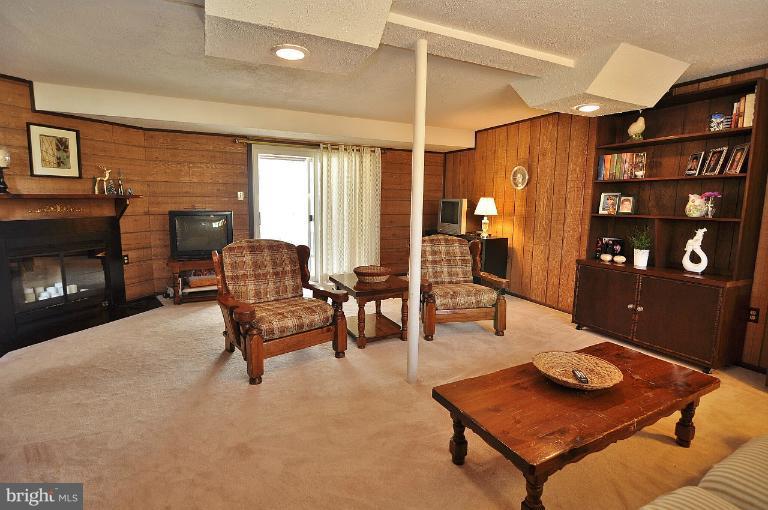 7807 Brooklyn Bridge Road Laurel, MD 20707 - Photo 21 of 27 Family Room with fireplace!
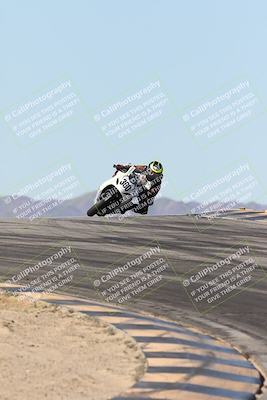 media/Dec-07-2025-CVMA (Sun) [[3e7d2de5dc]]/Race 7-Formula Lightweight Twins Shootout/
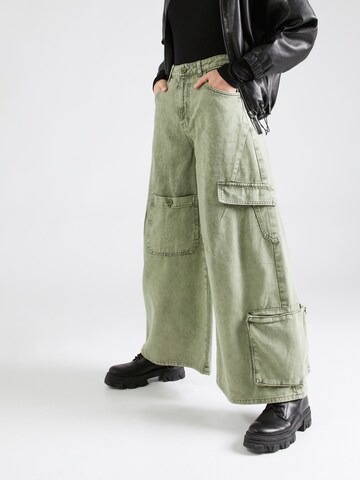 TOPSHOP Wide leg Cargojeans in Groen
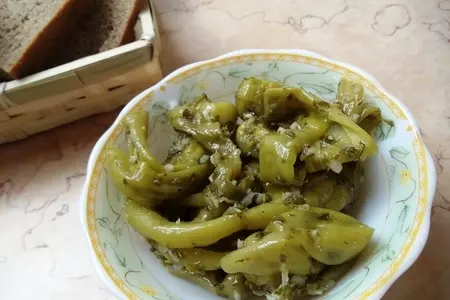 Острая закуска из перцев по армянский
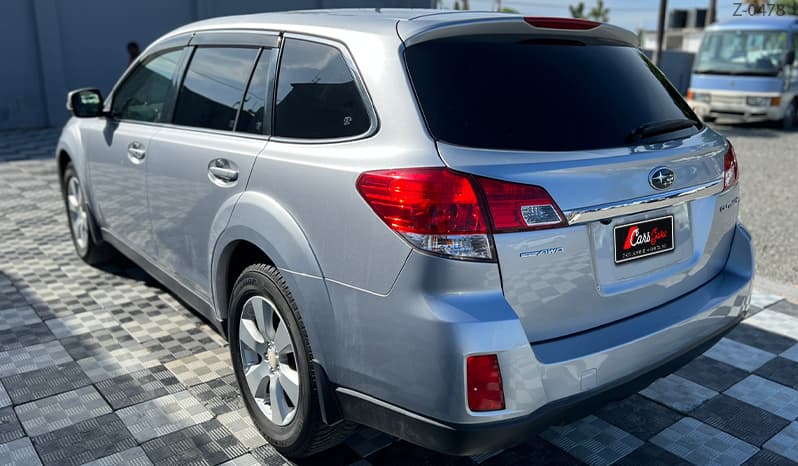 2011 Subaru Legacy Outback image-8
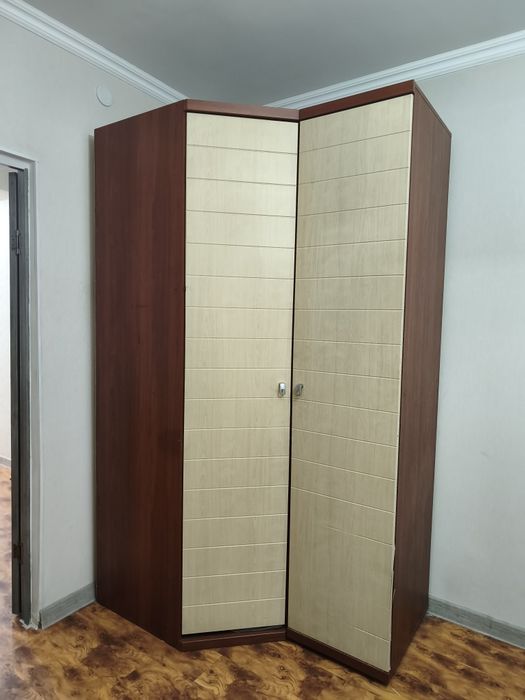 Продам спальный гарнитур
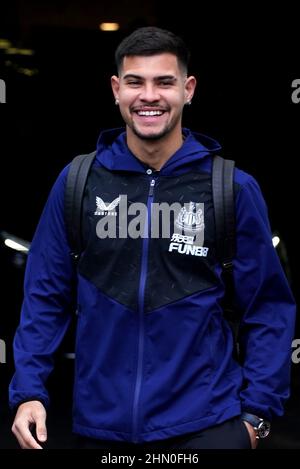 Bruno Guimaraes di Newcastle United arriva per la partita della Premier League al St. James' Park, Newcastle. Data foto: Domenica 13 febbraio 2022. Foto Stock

..............................

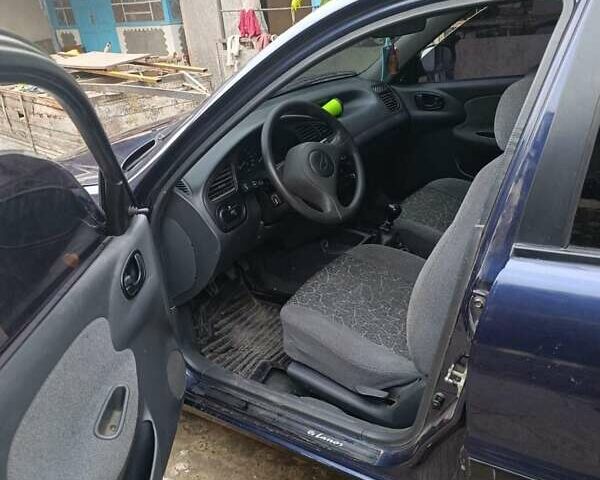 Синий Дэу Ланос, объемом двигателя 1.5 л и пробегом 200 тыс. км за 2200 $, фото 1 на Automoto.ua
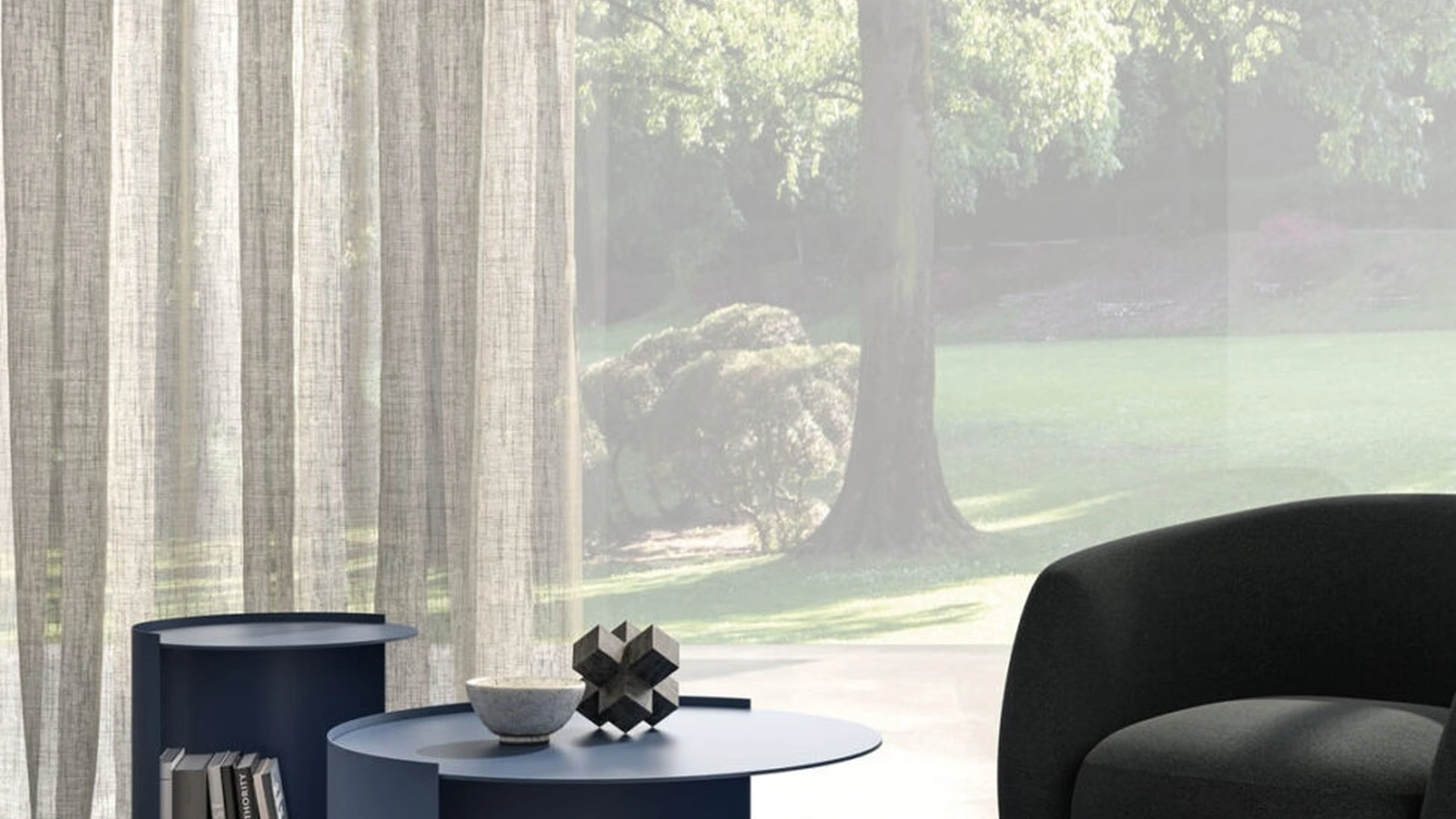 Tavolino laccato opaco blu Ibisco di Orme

..............................

Task to carry out =>
Within the listing above, print exactly the stretch beginning at the line that contains "7807 Brooklyn Bridge" and finishing at the line that contains "Bruno Guimaraes di", ends kept, pictures left out, and nothing more.

Task output =>
 7807 Brooklyn Bridge Road Laurel, MD 20707 - Photo 21 of 27 Family Room with fireplace!
 media/Dec-07-2025-CVMA (Sun) [[3e7d2de5dc]]/Race 7-Formula Lightweight Twins Shootout/
 TOPSHOP Wide leg Cargojeans in Groen
 Острая закуска из перцев по армянский
 2011 Subaru Legacy Outback image-8
 Продам спальный гарнитур
 Bruno Guimaraes di Newcastle United arriva per la partita della Premier League al St. James' Park, Newcastle. Data foto: Domenica 13 febbraio 2022. Foto Stock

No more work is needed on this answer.